What the exercise asks: Setting pictures aside, output exactly the lines from the start of the records to the line with "Campement bédouin en Mauritanie", that line included.
☆ ☆ ☆ ☆ ☆
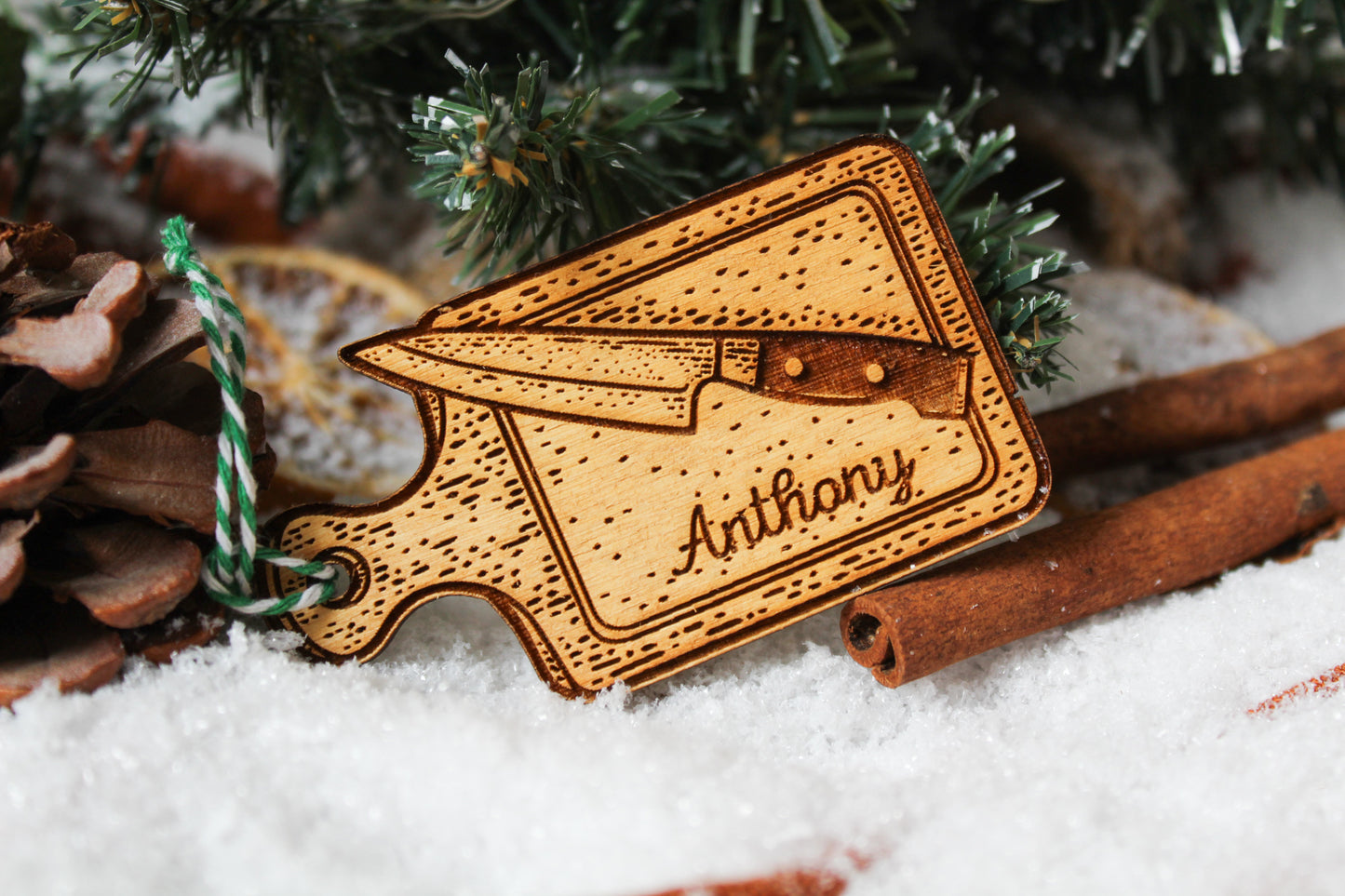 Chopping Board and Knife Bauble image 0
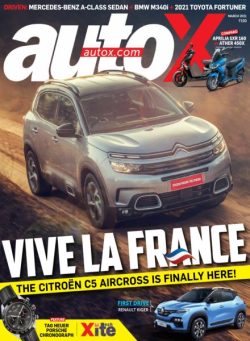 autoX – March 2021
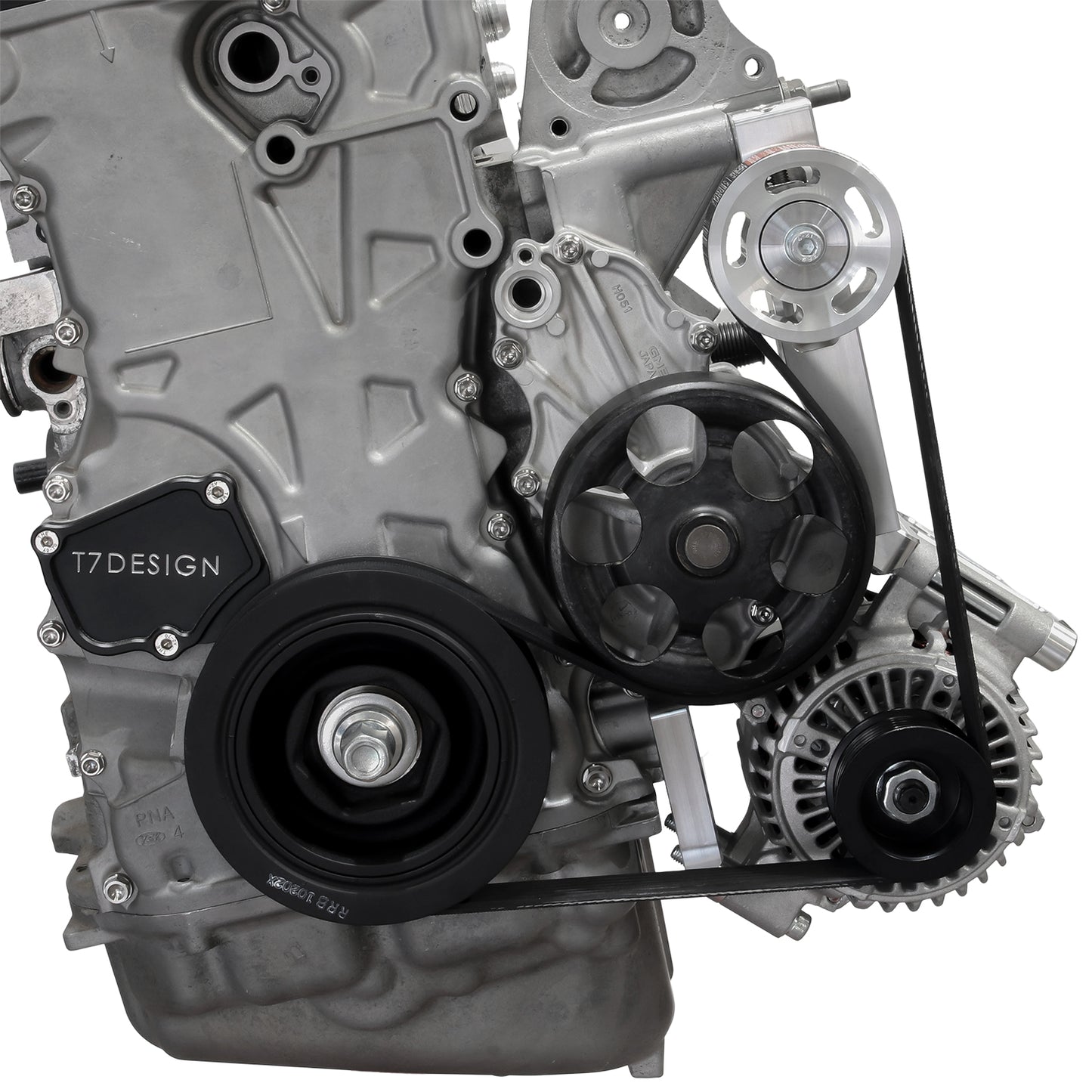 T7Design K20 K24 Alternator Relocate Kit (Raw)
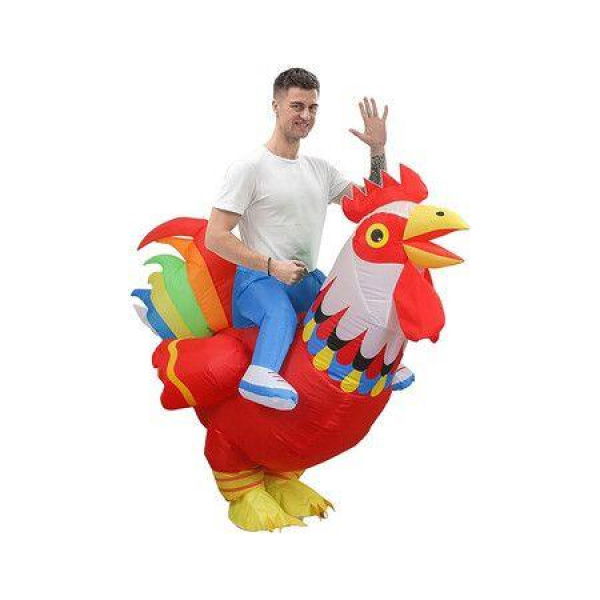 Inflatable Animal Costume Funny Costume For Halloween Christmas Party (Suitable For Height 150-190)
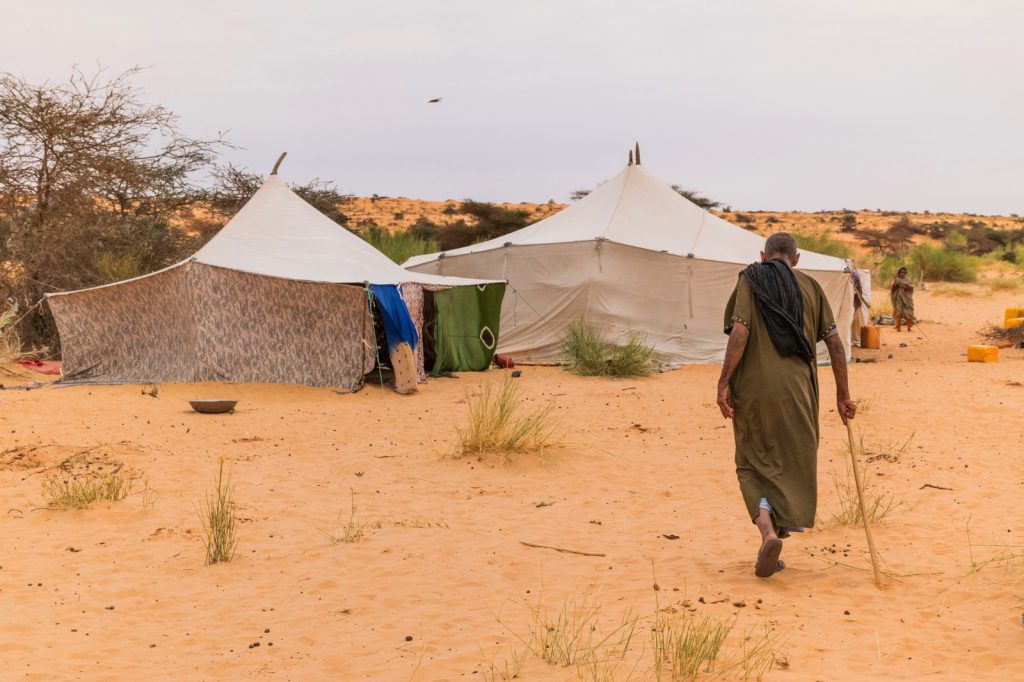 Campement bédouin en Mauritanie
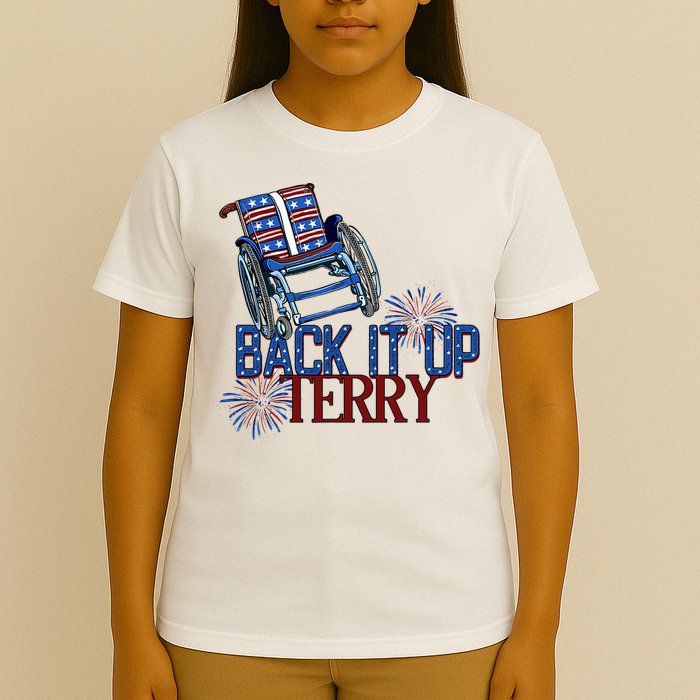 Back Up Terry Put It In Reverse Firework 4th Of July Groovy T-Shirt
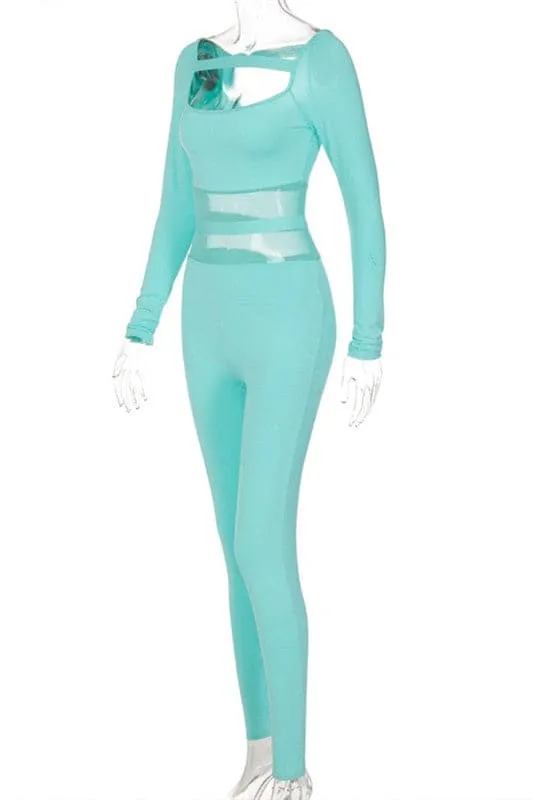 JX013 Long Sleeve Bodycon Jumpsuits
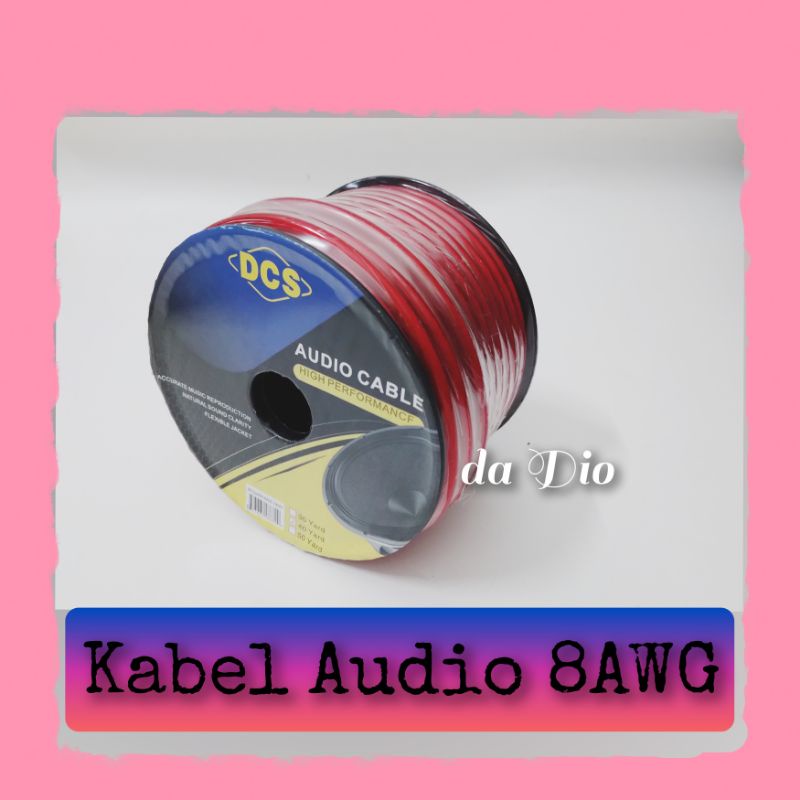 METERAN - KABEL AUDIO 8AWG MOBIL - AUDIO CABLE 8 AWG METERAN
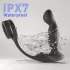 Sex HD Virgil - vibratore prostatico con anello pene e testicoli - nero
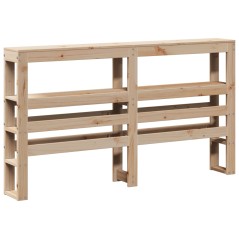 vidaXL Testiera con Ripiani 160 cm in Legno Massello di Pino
☆ ☆ ☆ ☆ ☆
Answer box:
 Chopping Board and Knife Bauble image 0
 autoX – March 2021
 T7Design K20 K24 Alternator Relocate Kit (Raw)
 Inflatable Animal Costume Funny Costume For Halloween Christmas Party (Suitable For Height 150-190)
 Campement bédouin en Mauritanie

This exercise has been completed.